Parliament returned last week and there was a feeling of determination flowing through the corridors of Westminster. In just under 200 days we will have legally left the European Union – no ‘ifs’ and no ‘buts’. This week the EU’s chief negotiator, Michel Barnier, openly stated the terms of the UK’s withdrawal could be agreed within the next six to weeks weeks and I think this is a wholly sensible timeframe. I know the Prime Minister will continue to push for a free trade agreement with the EU over the coming months to secure the best possible future for this country post-Brexit.

I am continuing to work hard with my colleagues as Private Parliamentary Secretary to the Secretary of State for International Trade to ensure we are in the best possible position to strike free trade deals with countries across the world as soon as possible.
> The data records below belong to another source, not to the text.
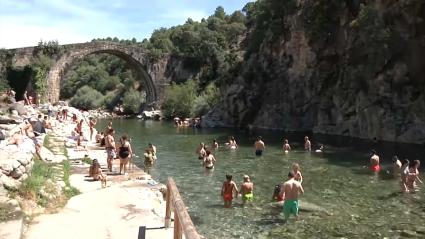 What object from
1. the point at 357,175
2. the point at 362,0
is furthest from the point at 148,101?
the point at 357,175

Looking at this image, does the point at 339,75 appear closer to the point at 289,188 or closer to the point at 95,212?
the point at 289,188

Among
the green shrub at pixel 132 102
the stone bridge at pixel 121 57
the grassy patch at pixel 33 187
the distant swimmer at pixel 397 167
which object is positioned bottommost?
the grassy patch at pixel 33 187

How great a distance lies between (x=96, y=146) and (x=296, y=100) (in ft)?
85.8

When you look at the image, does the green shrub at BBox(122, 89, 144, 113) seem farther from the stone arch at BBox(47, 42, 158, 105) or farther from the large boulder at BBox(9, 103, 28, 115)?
the large boulder at BBox(9, 103, 28, 115)

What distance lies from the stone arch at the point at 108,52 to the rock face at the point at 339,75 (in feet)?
62.6

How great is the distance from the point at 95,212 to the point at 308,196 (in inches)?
347

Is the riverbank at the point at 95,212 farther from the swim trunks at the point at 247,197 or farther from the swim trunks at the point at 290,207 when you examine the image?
the swim trunks at the point at 290,207

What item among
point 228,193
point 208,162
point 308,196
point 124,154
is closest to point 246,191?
point 228,193

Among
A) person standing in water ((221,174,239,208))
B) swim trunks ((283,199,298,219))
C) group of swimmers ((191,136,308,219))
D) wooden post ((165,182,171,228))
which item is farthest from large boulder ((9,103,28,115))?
wooden post ((165,182,171,228))

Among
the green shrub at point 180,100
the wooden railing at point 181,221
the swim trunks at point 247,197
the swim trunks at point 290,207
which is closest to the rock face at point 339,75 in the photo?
the green shrub at point 180,100

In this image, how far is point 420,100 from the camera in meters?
35.5

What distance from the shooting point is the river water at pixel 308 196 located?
1438 cm

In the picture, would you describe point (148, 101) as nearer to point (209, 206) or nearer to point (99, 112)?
point (99, 112)

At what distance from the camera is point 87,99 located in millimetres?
98750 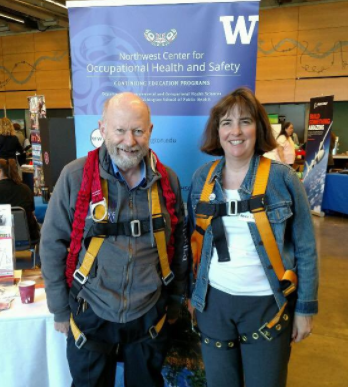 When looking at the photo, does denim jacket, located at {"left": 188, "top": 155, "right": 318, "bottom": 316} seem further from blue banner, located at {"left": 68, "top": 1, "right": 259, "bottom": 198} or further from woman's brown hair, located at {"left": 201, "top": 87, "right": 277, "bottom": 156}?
blue banner, located at {"left": 68, "top": 1, "right": 259, "bottom": 198}

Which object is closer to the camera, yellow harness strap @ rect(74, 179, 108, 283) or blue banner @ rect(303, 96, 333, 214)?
yellow harness strap @ rect(74, 179, 108, 283)

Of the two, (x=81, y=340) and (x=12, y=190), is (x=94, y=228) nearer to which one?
(x=81, y=340)

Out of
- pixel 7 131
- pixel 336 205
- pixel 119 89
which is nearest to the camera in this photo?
pixel 119 89

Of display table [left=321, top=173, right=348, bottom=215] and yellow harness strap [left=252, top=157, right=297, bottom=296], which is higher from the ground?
yellow harness strap [left=252, top=157, right=297, bottom=296]

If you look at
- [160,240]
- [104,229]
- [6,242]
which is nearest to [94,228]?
[104,229]

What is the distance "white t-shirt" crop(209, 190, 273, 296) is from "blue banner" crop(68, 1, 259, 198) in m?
0.63

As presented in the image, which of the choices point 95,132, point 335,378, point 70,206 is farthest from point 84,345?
point 335,378

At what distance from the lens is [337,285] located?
347 cm

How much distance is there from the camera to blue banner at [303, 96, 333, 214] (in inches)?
226

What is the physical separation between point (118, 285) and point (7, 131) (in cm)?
625

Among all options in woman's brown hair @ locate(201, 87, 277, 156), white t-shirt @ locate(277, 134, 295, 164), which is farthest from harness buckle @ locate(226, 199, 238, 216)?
white t-shirt @ locate(277, 134, 295, 164)

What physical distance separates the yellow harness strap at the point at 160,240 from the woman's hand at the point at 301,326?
0.50 m

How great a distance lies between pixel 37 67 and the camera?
1027 cm

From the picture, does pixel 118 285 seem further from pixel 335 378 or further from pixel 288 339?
pixel 335 378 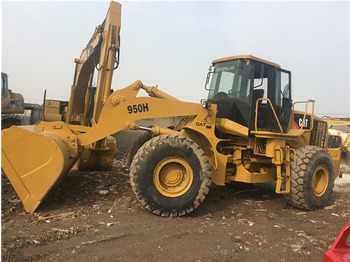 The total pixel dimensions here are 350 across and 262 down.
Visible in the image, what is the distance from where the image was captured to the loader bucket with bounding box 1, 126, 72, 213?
3.43 metres

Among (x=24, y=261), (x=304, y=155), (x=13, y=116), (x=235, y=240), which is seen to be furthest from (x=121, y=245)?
(x=13, y=116)

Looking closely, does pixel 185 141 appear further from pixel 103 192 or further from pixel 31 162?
pixel 31 162

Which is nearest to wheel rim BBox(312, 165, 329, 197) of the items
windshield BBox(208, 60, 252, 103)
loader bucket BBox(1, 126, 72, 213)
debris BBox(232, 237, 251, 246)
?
windshield BBox(208, 60, 252, 103)

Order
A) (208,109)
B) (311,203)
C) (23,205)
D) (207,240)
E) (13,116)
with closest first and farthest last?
1. (207,240)
2. (23,205)
3. (208,109)
4. (311,203)
5. (13,116)

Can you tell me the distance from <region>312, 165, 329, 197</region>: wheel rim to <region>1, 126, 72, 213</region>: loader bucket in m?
4.68

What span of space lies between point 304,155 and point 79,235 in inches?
161

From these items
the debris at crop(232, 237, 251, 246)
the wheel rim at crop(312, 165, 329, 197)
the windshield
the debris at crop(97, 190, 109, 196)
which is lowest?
the debris at crop(232, 237, 251, 246)

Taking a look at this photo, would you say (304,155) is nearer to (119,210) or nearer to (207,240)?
(207,240)

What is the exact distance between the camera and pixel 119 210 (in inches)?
155

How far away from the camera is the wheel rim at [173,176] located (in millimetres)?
3934

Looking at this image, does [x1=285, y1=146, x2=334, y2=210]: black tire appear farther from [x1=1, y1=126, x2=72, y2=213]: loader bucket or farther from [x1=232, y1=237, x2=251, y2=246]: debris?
[x1=1, y1=126, x2=72, y2=213]: loader bucket

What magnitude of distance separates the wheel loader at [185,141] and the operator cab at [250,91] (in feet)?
0.06

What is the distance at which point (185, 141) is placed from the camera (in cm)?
402

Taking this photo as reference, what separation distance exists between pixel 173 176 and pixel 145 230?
3.16 ft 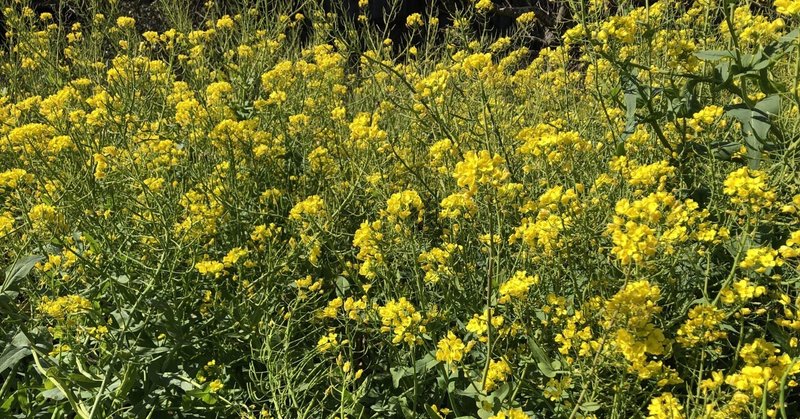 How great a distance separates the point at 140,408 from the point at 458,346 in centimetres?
90

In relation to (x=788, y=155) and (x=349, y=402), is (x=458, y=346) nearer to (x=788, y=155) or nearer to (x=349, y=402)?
(x=349, y=402)

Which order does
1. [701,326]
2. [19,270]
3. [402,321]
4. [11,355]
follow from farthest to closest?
[19,270], [11,355], [402,321], [701,326]

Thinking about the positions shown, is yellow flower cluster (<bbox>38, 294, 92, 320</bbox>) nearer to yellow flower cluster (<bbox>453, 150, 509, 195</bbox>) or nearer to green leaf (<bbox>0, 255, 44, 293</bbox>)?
green leaf (<bbox>0, 255, 44, 293</bbox>)

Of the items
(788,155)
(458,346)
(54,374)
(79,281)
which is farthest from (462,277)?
(79,281)

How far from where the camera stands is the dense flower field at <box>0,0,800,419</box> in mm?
1421

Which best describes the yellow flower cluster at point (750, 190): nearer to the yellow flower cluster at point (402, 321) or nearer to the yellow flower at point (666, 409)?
the yellow flower at point (666, 409)

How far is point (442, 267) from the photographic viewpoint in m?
1.78

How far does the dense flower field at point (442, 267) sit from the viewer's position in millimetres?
1421

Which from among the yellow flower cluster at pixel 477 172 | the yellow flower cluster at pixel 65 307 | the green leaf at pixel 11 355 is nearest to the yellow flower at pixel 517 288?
the yellow flower cluster at pixel 477 172

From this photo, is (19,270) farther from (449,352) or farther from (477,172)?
(477,172)

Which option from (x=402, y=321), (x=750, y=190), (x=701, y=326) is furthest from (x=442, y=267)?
(x=750, y=190)

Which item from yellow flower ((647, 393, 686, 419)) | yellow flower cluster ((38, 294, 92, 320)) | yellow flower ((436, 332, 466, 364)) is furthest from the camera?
yellow flower cluster ((38, 294, 92, 320))

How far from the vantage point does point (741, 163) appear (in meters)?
1.95

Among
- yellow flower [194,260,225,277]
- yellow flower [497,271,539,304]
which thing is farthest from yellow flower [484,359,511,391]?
yellow flower [194,260,225,277] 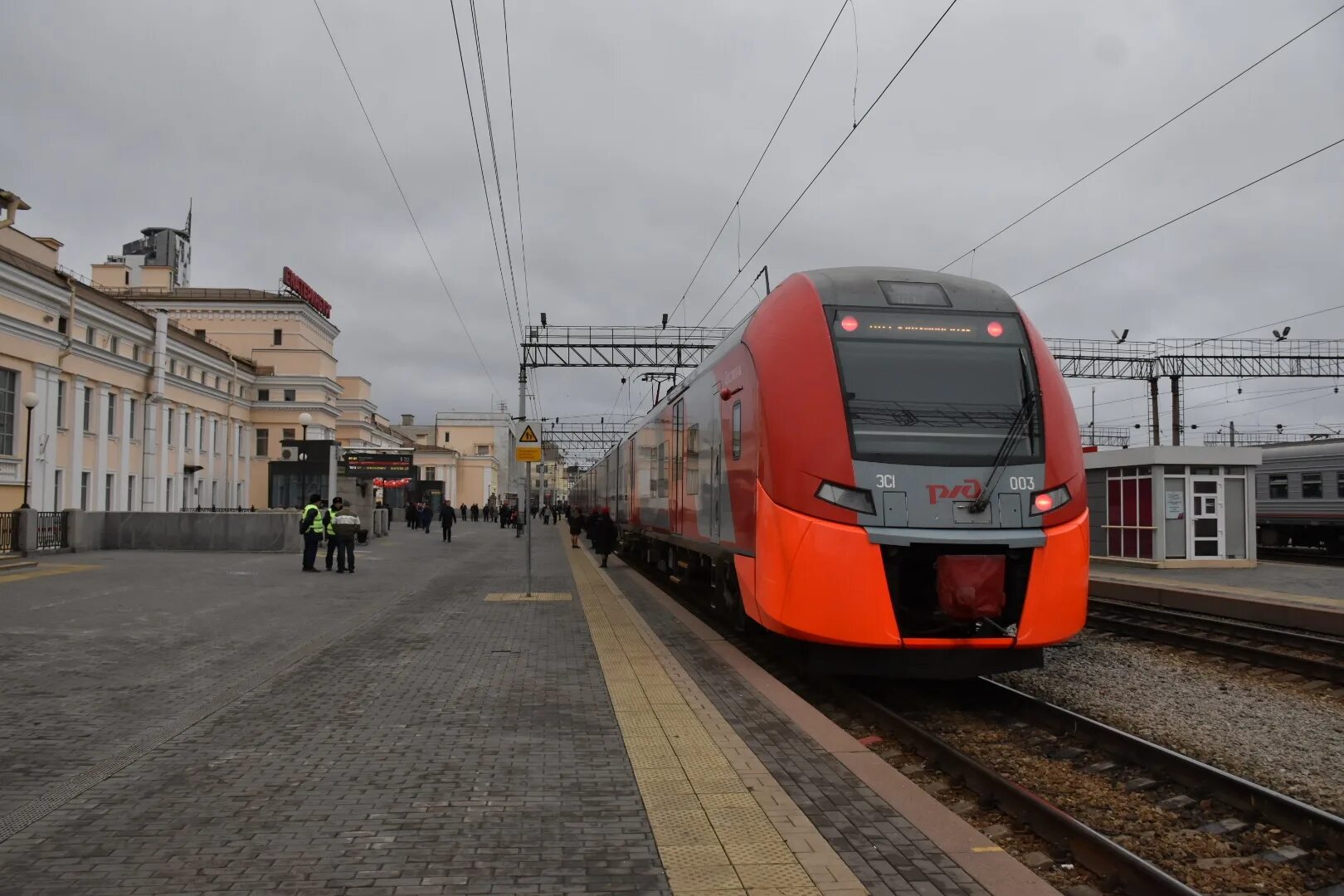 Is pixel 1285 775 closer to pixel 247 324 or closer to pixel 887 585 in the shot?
pixel 887 585

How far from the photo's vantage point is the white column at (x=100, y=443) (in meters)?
34.4

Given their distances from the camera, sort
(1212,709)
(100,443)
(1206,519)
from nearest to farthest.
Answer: (1212,709), (1206,519), (100,443)

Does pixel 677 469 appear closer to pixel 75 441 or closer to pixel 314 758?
pixel 314 758

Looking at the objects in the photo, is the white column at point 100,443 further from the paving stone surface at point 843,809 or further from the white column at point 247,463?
the paving stone surface at point 843,809

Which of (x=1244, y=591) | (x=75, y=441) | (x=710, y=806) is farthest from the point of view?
(x=75, y=441)

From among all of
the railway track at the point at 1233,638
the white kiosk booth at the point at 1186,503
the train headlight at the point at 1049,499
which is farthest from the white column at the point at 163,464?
the train headlight at the point at 1049,499

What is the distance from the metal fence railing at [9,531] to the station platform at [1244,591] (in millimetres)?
21036

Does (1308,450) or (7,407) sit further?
(1308,450)

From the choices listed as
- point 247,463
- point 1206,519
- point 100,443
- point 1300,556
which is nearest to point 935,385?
point 1206,519

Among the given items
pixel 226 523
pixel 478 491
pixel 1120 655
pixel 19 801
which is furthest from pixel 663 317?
pixel 478 491

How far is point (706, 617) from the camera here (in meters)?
13.7

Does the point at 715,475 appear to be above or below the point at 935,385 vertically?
below

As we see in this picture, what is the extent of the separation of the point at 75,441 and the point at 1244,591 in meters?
33.6

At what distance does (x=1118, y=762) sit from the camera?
6.25 meters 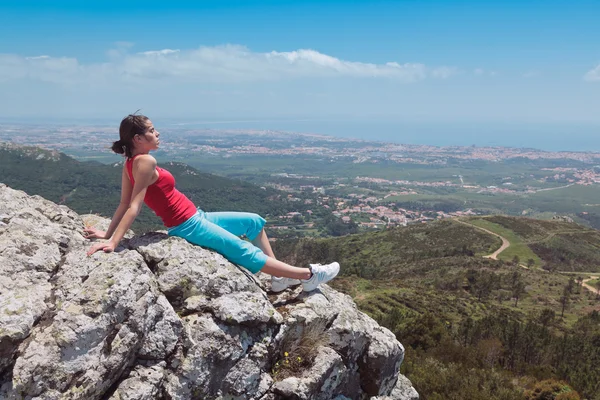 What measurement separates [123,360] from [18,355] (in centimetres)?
Result: 117

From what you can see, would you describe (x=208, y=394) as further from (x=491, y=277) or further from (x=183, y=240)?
(x=491, y=277)

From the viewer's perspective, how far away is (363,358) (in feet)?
25.3

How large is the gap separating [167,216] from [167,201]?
271mm

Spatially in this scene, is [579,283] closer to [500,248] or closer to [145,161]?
[500,248]

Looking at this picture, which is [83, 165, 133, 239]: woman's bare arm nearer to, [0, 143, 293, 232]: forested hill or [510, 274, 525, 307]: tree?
[510, 274, 525, 307]: tree

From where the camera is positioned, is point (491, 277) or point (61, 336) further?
point (491, 277)

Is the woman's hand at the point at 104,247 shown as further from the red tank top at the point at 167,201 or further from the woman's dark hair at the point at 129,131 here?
the woman's dark hair at the point at 129,131

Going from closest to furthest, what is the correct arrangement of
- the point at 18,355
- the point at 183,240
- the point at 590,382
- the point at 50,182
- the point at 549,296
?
1. the point at 18,355
2. the point at 183,240
3. the point at 590,382
4. the point at 549,296
5. the point at 50,182

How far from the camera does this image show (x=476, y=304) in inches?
2383

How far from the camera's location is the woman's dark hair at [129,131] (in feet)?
21.3

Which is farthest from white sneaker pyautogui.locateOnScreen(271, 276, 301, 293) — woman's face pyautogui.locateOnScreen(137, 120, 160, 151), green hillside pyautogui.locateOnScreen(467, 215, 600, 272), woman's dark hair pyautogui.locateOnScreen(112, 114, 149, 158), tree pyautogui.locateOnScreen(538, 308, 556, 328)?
green hillside pyautogui.locateOnScreen(467, 215, 600, 272)

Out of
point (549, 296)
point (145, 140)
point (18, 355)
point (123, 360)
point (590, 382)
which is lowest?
point (549, 296)

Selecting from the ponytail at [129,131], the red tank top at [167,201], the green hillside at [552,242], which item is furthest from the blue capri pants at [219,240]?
the green hillside at [552,242]

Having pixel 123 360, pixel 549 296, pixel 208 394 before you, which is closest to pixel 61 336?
pixel 123 360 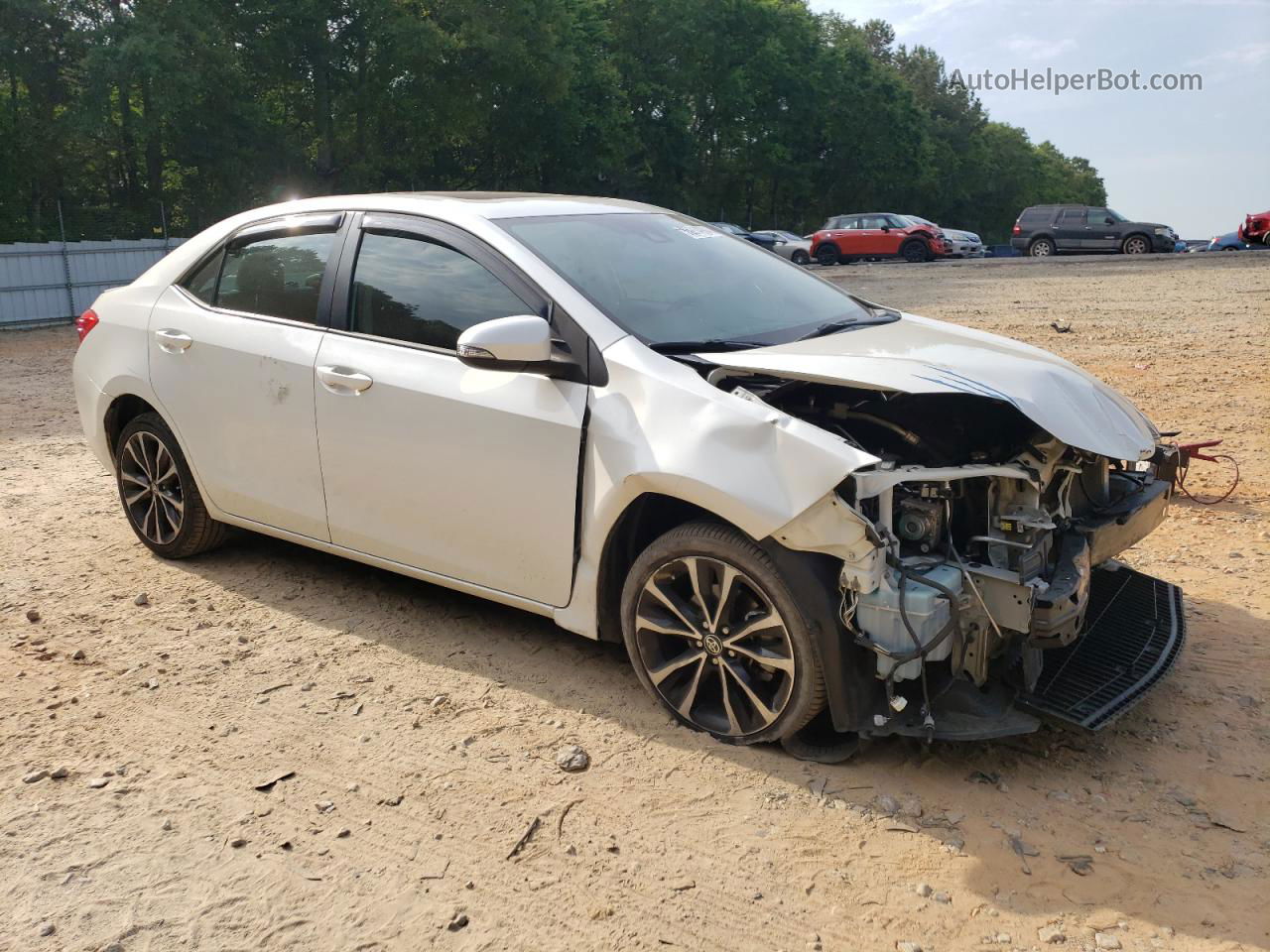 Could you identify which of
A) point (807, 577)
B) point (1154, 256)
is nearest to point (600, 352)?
point (807, 577)

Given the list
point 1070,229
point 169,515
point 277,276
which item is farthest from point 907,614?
point 1070,229

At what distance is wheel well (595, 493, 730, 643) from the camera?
12.3ft

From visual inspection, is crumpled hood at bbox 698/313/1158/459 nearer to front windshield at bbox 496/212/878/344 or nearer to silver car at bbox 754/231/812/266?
front windshield at bbox 496/212/878/344

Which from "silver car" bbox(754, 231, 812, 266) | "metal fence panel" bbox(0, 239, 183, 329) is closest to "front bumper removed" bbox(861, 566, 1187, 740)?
"metal fence panel" bbox(0, 239, 183, 329)

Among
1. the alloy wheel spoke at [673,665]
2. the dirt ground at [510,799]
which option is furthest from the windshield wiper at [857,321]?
the dirt ground at [510,799]

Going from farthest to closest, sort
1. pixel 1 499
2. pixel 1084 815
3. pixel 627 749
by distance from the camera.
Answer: pixel 1 499 < pixel 627 749 < pixel 1084 815

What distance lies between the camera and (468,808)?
3.38 metres

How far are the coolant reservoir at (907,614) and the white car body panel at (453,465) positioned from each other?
3.49 feet

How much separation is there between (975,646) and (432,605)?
2.46 metres

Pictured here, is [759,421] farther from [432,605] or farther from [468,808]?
[432,605]

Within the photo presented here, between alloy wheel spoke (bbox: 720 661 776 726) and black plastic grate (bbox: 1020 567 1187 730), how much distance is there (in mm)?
778

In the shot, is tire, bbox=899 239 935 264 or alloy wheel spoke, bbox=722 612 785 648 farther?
tire, bbox=899 239 935 264

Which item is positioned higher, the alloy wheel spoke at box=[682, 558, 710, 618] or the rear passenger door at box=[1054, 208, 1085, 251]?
the rear passenger door at box=[1054, 208, 1085, 251]

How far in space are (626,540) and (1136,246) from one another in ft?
102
Back in Dudley South, many of my constituents will have been alarmed at the ongoing situation at Russells Hall Hospital with the latest Care Quality Commission (CQC) report continuing to rate the hospital’s A&E Department as ‘inadequate’. I met with the chief executive of the Dudley trust and the senior leadership team at Russells Hall last Friday with other local MPs to receive an update on the situation. I am confident the management and leadership team have now accepted the hospital’s failings and are working hard to put things right. A lot of Russells Hall’s problems have been over-played in the media recently and I think we need to give the trust time to work with NHS Improvement and other bodies to sort things out for good. I will continue to represent my constituents’ views in these meetings as we all work towards getting the hospitals’ services back up to the standards we all expect.

On Tuesday I received a response from Lord Bourne, the Planning Minister, in response to my letter calling for Dudley Council to be allowed to get on with creating an authorised transit camp in Coseley so the police and council can immediately move on unauthorised encampments like those that have recently set up in Woodside, Netherton and Withymoor.

The Government has dismissed the objection lodged by Pat McFadden MP to the council’s decision to create the transit site. That means Dudley Council can now proceed and we can make sure that local residents should not have to put up with those irresponsible and anti-social traveller groups that have caused problems again this summer.

As soon as the transit site goes live, the police will have powers to move travellers on immediately which will come as very welcome news to many of my constituents and is excellent for the Dudley borough as a whole.